ACCESS Pegasus

1 Logging In / Jupyter
2 Allocation Optional for Tutorial Workflows
3 Creating Workflows
4 Job Routing / Resource Provisioning
- 4.1 TestPool
- 4.2 Cloud
- 4.3 HTCondor Annex
- 4.4 OSPool
- 4.5 Manual Glideins
5 Frequently Asked Questions
- 5.1 Can I use Pegasus for my HPC workloads?

Logging In / Jupyter

To get started, use a web browser and log in to https://pegasus.access-ci.org . Use your ACCESS credentials to log in.

Allocation Optional for Tutorial Workflows

Typically, using ACCESS Pegasus to run workflows necessitates users to link their own allocations. However, the initial notebooks in this guide are pre-configured to operate on a modest resource bundled with ACCESS Pegasus. As you progress to more complex sample workflows, you'll be required to utilize your own allocation.

Creating Workflows

Looking at examples of solutions that have already been implemented can be very helpful. With that in mind, we have created a collection of sample workflows that can be conveniently explored using our web-based Jupyter notebooks.

The examples can be found your $HOME directory under the ACCESS-Pegasus-Examples/ directory.

In Jupyter, navigate to the example you are interested in, and step through the notebook. Once the workflow is submitted, you have to add compute resources with HTCondor Annex.

The first few notebooks are set up as self-guided introduction to Pegasus. The final example is a complete workflow focused on automating the variant calling process, and it was adapted from the Data Carpentry Lesson on Data Wrangling and Processing for Genomics. This particular workflow involves downloading and aligning SRA data to the E. coli REL606 reference genome, and identifying any differences between the reads and the genome. Additionally, it performs variant calling in order to track changes in the population over time.

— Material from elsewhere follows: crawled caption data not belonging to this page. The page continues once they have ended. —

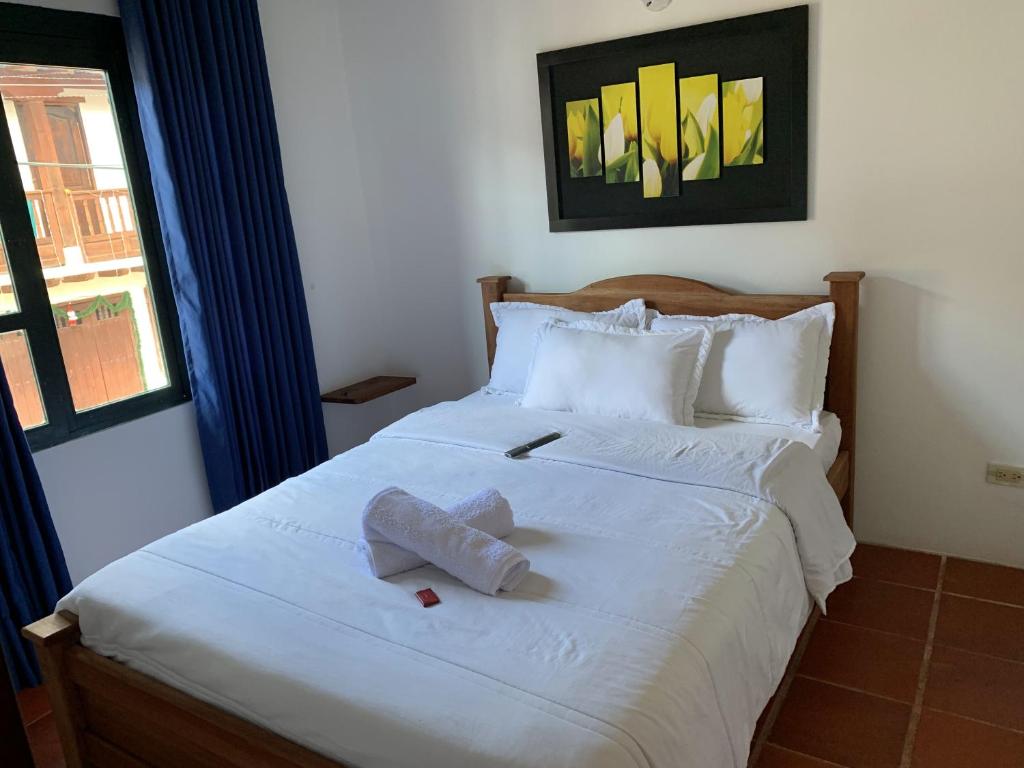 Postel nebo postele na pokoji v ubytování Hostal Home Sant Angelo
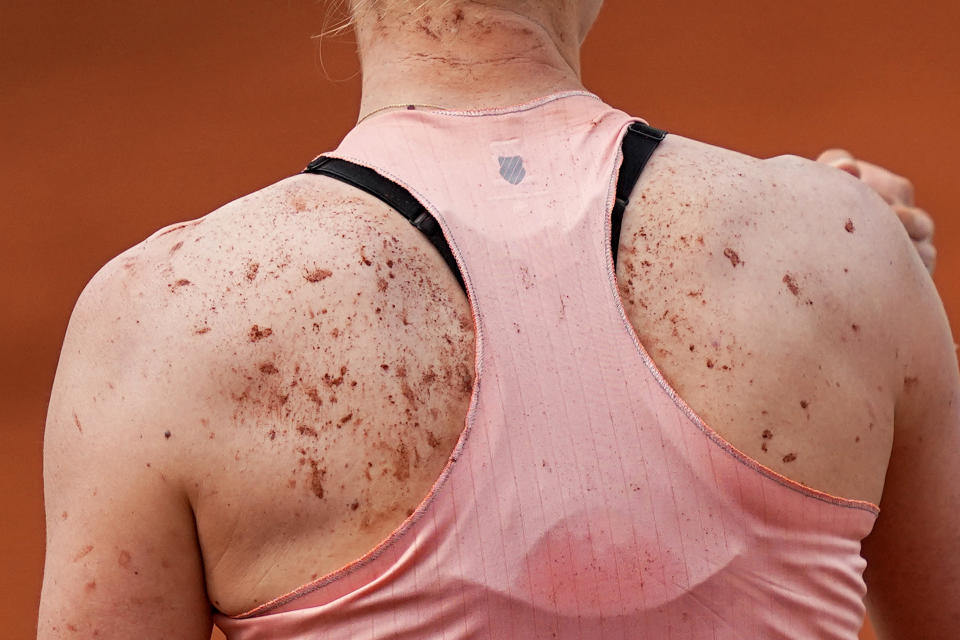 USA's Alison Riske' back is spotted with clay after her second round match of the French Open tennis tournament against Poland's Iga Swiatek, at the Roland Garros stadium Thursday, May 26, 2022 in Paris. Swiatek won 6-0, 6-2. (AP Photo/Michel Euler)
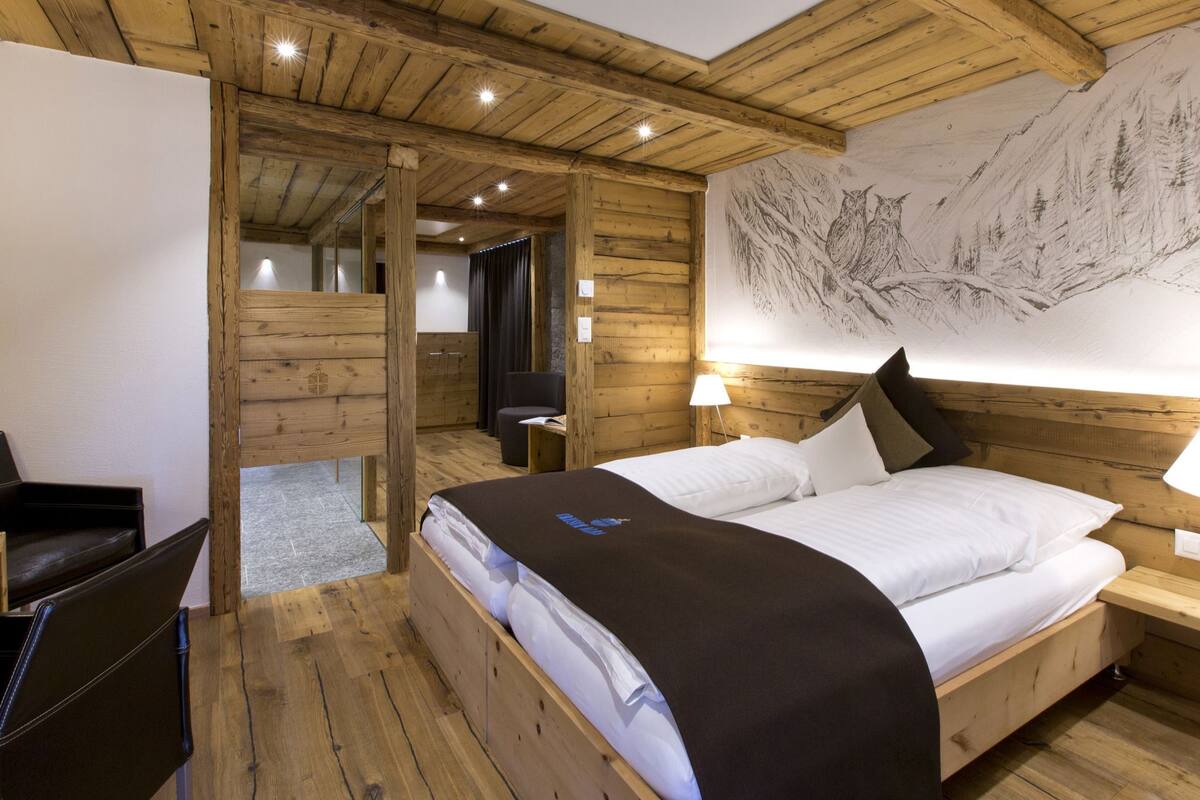 A wooden room with a bed, a desk, and a large wall painting.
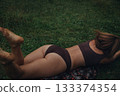 relaxed woman outdoors, sunlit scene with barefoot woman, calm female figure lying on patterned 133374354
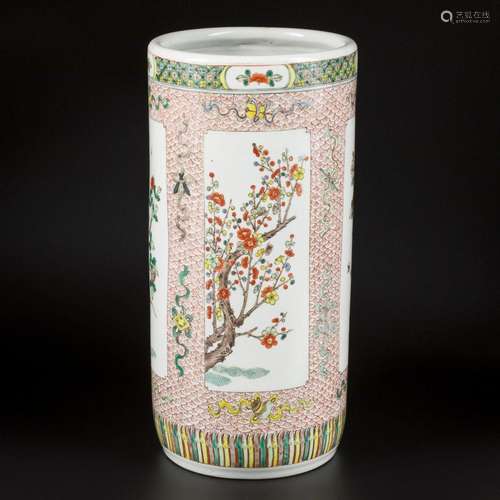 A very large porcelain famille verte cylinder vase decorated...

For full description on how to create workflows, please see the Pegasus user guide

Job Routing / Resource Provisioning

ACCESS Pegasus enables jobs to flow to a set of different resources, some which are always available, and some which have to be explicitly provisioned by the users when they need it. Note that by default a job will try to go anywhere it can - you might have to exclude resources if there are places you do not want the jobs to go.

The following figure shows an overview of the resources, and below that is a more detailed discussion of the resources.

TestPool

The TestPool consists of a small number of cores, available for anyone to use at any time, even without an allocation. These are meant to be used for jobs with quick turnaround time, such as tutorials, development, and debugging.

You can see the state of the TestPool by running:

condor_status -const 'TestPool =?= True'

If you do not want your jobs to run on the TestPool, please add TestPool =!= True to your job requirements.

Cloud

Adding cloud resources, using your own allocation, is done by starting a provided VM image, and injecting a provided token for authentication. The VMs join the pool and start running jobs. When there are no more jobs, the VMs shut themselves down.

More details on how to provide cloud resources

HTCondor Annex

ACCESS HPC Resources can be brought in with the HTCondor Annex tool, by sending pilot jobs (also called glideins) to the clusters. The pilots will run under your ACCESS allocation, and have the following properties:

A pilot can run multiple user jobs - it stays active until no more user jobs are available or until end of life has been reached, whichever comes first.
A pilot is partitionable - job slots will dynamically be created based on the resource requirements in the user jobs. This means you can fit multiple user jobs on a compute node at the same time.
A pilot will only run jobs for the user who started it.

Annexes can be named, and jobs can be configured to only go to certain named Annexes. By default, the annexes are named with your username.

More details on how to use the HTCondor Annex

OSPool

The OSPool is always connected to ACCESS Pegasus, but requires jobs to have an OSG project name specified. If you have an ACCESS allocation on OSG, you can use the “TG-NNNNNN” allocation id as project name. Or, if you have an OSG assigned project name, you may use that. You can specify the project name in your workflows like:

props.add_site_profile("condorpool", "condor", "+ProjectName", "\"TG-NNNNNN\"")

Also note that the OSPool uses a different approach to containers. Instead of using Pegasus’ built in container execution, create non-container jobs, with a property specify the container to use:

props.add_site_profile("condorpool", "condor", "+SingularityImage", "\"/cvmfs/singularity.opensciencegrid.org/htc/rocky:8\"")

More information about containers on the OSPool can be found in the OSG documentation.

More details on how to the OSPool

Manual Glideins

This is a great solution for campus cluster, clusters behind firewalls and MFA. The glideins are submitted as regular jobs. Details can be found in the GitHub repository.

Frequently Asked Questions

Can I use Pegasus for my HPC workloads?

HPC jobs require a Pegasus install at the resource provider. This will be explored later in the ACCESS Pegasus pilot, but please let us know that you have an interest in this and what your requirements are.